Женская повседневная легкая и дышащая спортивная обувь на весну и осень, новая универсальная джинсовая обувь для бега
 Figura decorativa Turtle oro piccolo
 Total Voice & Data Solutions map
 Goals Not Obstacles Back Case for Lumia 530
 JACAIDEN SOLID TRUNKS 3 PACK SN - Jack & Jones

Exercise. Could the entire listing be repeated exactly as written?

Exercise output.
Женская повседневная легкая и дышащая спортивная обувь на весну и осень, новая универсальная джинсовая обувь для бега
 Figura decorativa Turtle oro piccolo
 Total Voice & Data Solutions map
 Goals Not Obstacles Back Case for Lumia 530
 JACAIDEN SOLID TRUNKS 3 PACK SN - Jack & Jones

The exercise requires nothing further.